Die deutschen Wissenschaftler haben es nie verstanden, daß gebildete Ausländer sich die Behauptung zu eigen machen konnten, Danzig und Westpreußen seien polnisches Gebiet. Wenn die wirkliche Sachlage in Versailles infolge der Haßpsychose des Weltkrieges unbeachtet blieb, so ist das zur Not erklärlich. Aber es ist uns Deutschen geradezu unverständlich, daß Engländer, Amerikaner und Franzosen noch heute diesen Behauptungen Glauben schenken können, da die Wissenschaft, und nicht nur die deutsche, längst das Gegenteil bewiesen hat. Wenn es sich dabei nur um Äußerungen nichtunterrichteter Polen handelte, so würden wir sie ohne weiteres unbeachtet lassen. Aber wenn selbst angesehene Zeitungen seit Monaten verlangen, daß nicht bloß Danzig und Westpreußen, sondern auch Ostpreußen, ganz Pommern einschließlich der vorgelagerten Inseln (Rügen, Usedom, Wollin), Schlesien, das östliche Sachsen und Brandenburg bis vor die Tore Dresdens und Berlins, außerdem Böhmen und die Slowakei (Krakauer Kurier vom 19. Mai 1939) und im Nordosten Mecklenburg bis Hamburg und Ostholstein (das alte Wagrien) als altslawische Gebiete zu Polen geschlagen werden müßten, dann werden wir allerdings genötigt, immer wieder darauf hinzuweisen, daß diese Forderungen jeder historischen Begründung entbehren.
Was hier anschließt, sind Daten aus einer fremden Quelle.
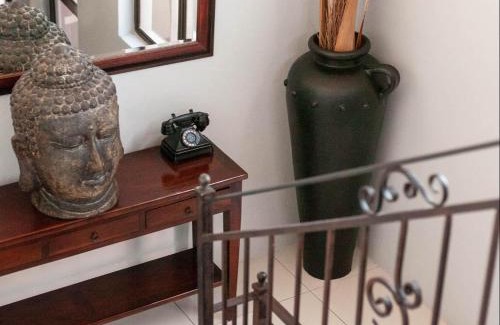Parow North Casa | Julinas Self Catering Apartments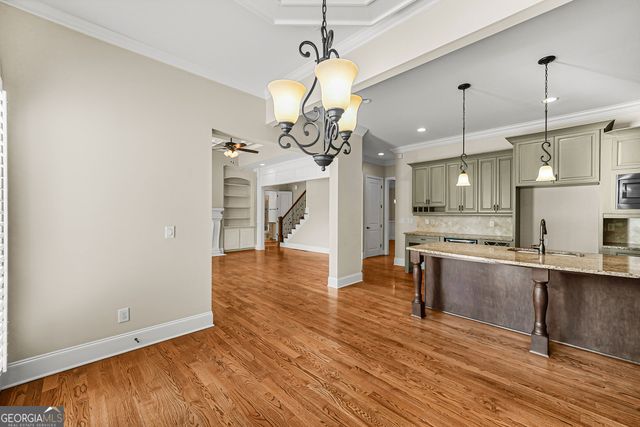 11565 Findley Road, Johns Creek, GA 30097
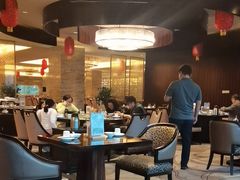 -湛江民大喜来登酒店-采悦轩中餐厅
Noch stärker empfinden wir es, daß auch die polnische Wissenschaft schon seit Jahren und zuletzt in einer Masse schnell hingeworfener Bücher den Nachweis zu erbringen versucht, Polen habe ein Anrecht auf alle jene genannten Länder. Ganz abgesehen davon, daß die Slawen nicht die ersten Siedler dieser Gebiete waren, sondern vor ihnen zunächst die Illyrier, die kein slawisches Volk waren, und nach ihnen über ein Jahrtausend die Ost- und Westgermanen dort ihre Wohnsitze hatten, während die Slawen nur in der verhältnismäßig kurzen Zeit vom 6. bzw. 7. bis 10. und 12. Jahrhundert Herren im Lande waren, hat die deutsche Wissenschaft oft genug betont, daß die heutige Kultur dieser Gebiete nicht den Slawen, sondern den Deutschen zu verdanken ist. Seitdem die Deutschen dort festen Fuß faßten, bekam das Land überall ein anderes Gesicht als zuvor, und jene Gebiete mit ihren Städten und Dörfern sind bis auf den heutigen Tag deutsch geblieben, soweit nicht polnische Gewaltmaßnahmen nach dem Diktat von Versailles Hunderttausende deutscher Landbesitzer und Bürger aus dem Lande trieben, wie es in Westpreußen, d. h. im Korridor, geschah. Gerade das jetzt so heiß umstrittene Danzig ist nicht etwa, wie in der Versailler Denkschrift polnischer Professoren zu lesen ist, eine alte polnische Stadt, die erst 1308 bei der Eingliederung in den Deutschordensstaat gewaltsam germanisiert [8] wurde, sondern sie ist am Anfang des 13. Jahrhunderts als Stadt von deutschen Bürgern begründet worden; sie hat um 1260 das Lübecker Stadtrecht erhalten und ist seitdem eine deutsche Stadt geblieben, die auch heute noch zu 97 Prozent deutsche Einwohner besitzt, welche leidenschaftlich nach der Wiedervereinigung mit dem Deutschen Reich verlangen.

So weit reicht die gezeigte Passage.